Bernard Lavallé a rédigé de nombreux livres sur l’histoire de l’Amérique latine, des biographies du conquistador Francisco Pizzaro et du prêtre militant Bartolomé de Las Casas, comme des synthèses des expéditions des conquistadores et de l’évangélisation des Amérindiens. Ses travaux éclairent le passé de populations qui comptent aujourd’hui pour le quart de la Chrétienté. Si les Amérindiens en constituent une part négligeable, leur histoire méconnue agit comme un révélateur de cette christianisation opérée à la période coloniale.
Porter le message du Christ à ceux qui l’ignorent, telle est la mission que l’Espagne se donne lorsqu’elle commence la conquête des Amériques à partir de 1492. Mais comment la mise en œuvre de cet objectif se traduit-elle auprès des Amérindiens ?
Dans les textes qui autorisent les conquêtes – car elles doivent l’être préalablement par la couronne espagnole –, il est précisé que la religion chrétienne sera propagée sur les territoires conquis. C’est pourquoi des ecclésiastiques participent souvent aux expéditions militaires. Ils assurent à la fois la vie spirituelle des conquistadores et les premiers pas de l’évangélisation des Indiens.
Au début, entre 1492 et les années 1510, l’aspect militaire va prévaloir. Tant que les conquêtes ne sont pas établies, il n’y a pas évangélisation. Elle ne commence que dans un second temps, lorsque l’État espagnol met en place une administration et une structure ecclésiastique qu’il contrôle en vertu d’un accord avec la papauté.
Bartolomé de Las Casas, avec ses plaidoyers en faveur des Amérindiens, exerça-t-il une réelle influence ?
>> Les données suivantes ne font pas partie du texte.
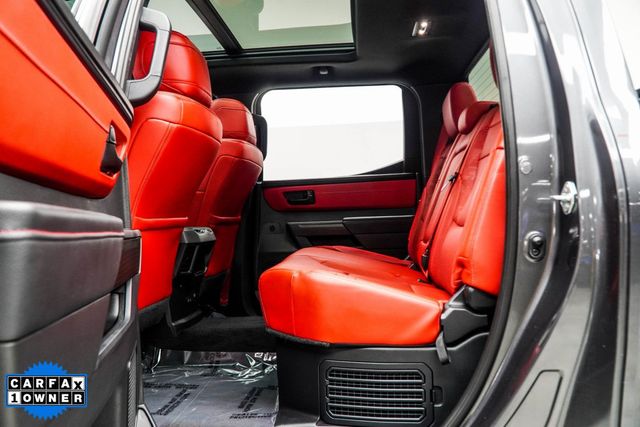 2024 Toyota Tundra 4WD TRD Pro Hybrid CrewMax 5.5' Bed - 22959873 - 35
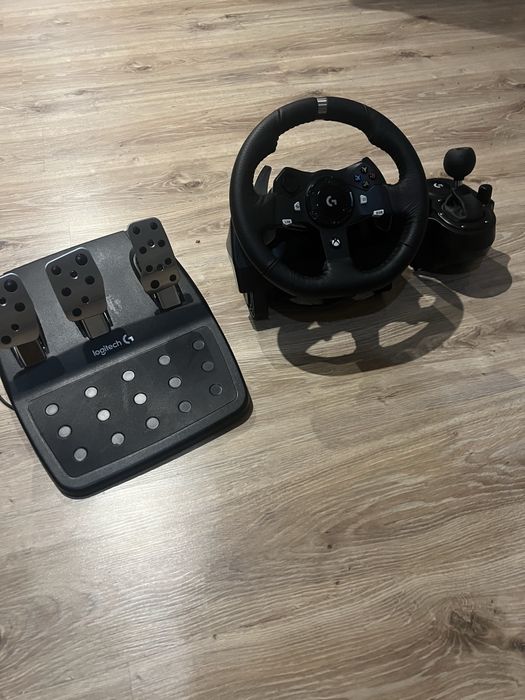 Kierownica logitech g920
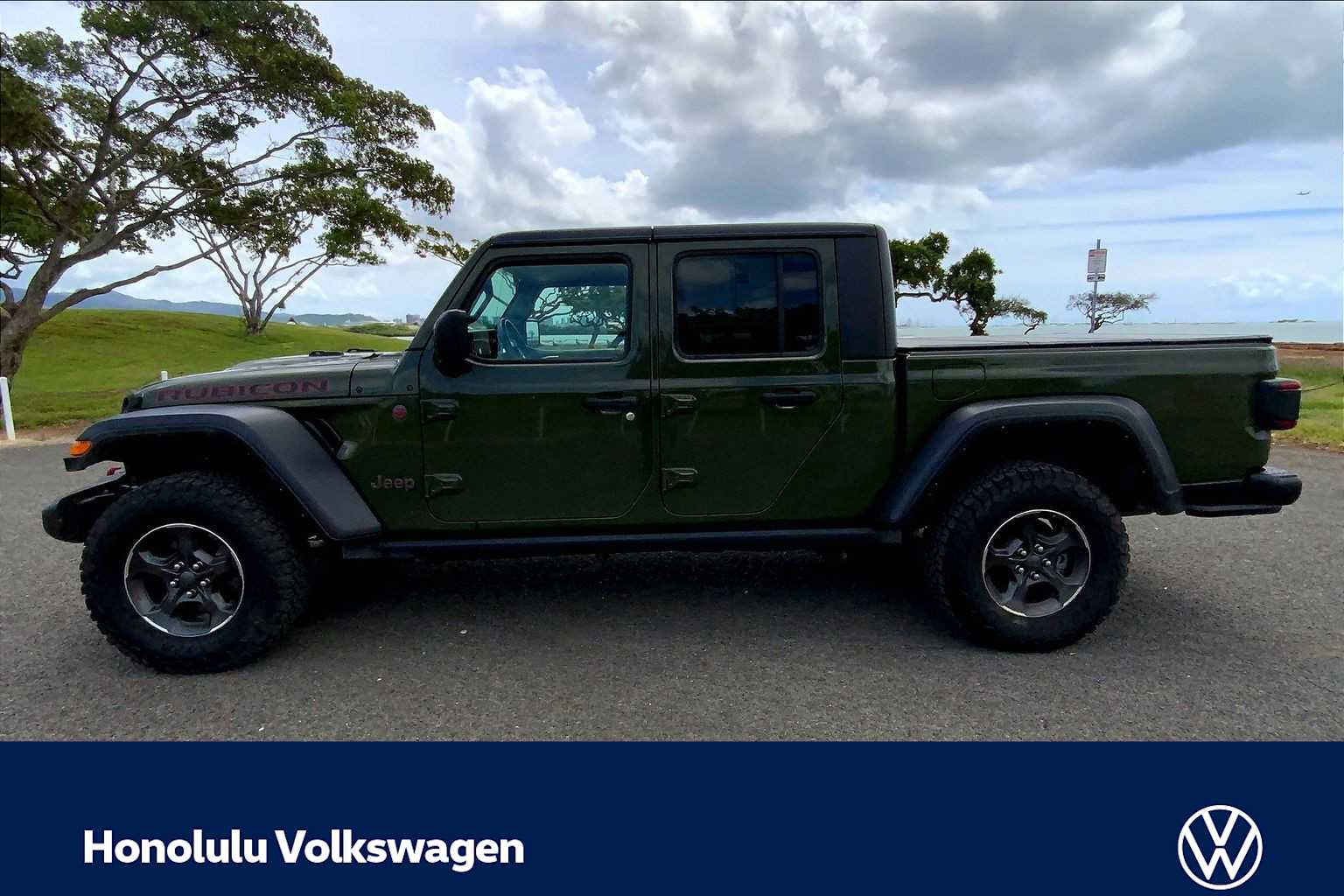 Thumbnail: 2021 Jeep Gladiator - 3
Bartolomé de Las Casas est d’abord lui-même un colon. Il a des terres, sur lesquelles il cherche de l’or, dans la vega Real, la grande vallée aurifère de Saint-Domingue. En parallèle, vers 1506, il devient prêtre. À l’époque, les prêtres peuvent mener une vie quasi séculière. Mais Las Casas a vu la conquête, ses abus, le travail forcé des Indiens, les violences, la chute vertigineuse de la population indigène. En 1515, alors que la conquête de Cuba est engagée, il décide de consacrer sa vie à la défense des Indiens.
S’il est le plus connu dans ce rôle, d’autres avocats des Indiens se sont exprimés. Des religieux, presque tous dominicains, tel Francisco de Vitoria. Ils sont soutenus par un courant d’opinion. On sait que les cours de Vitoria attiraient les foules. En outre, Las Casas n’aurait rien pu faire sans le soutien constant de Charles Quint. Lorsque celui-ci abdique en faveur de son fils Philippe II, en 1556, Las Casas est réduit au silence.
On imagine les colons hostiles à Las Casas…
Les colons lui sont opposés, car il exige que l’on leur retire le service des Indiens. Il est surtout en lutte contre les encomenderos. L’encomienda est un système qui « recommandait » (d’où son nom) un certain nombre d’Indiens à un Espagnol qui bénéficiait ainsi de corvées de ces Indiens. Ils lui payaient en plus un tribut. En échange, l’encomendero était chargé de leur évangélisation, de payer un curé pour leur faire le catéchisme. Mais ce dernier volet était très mal exécuté. Il était bien connu que les encomenderos abusaient à tous égards des Indiens qui leur étaient confiés.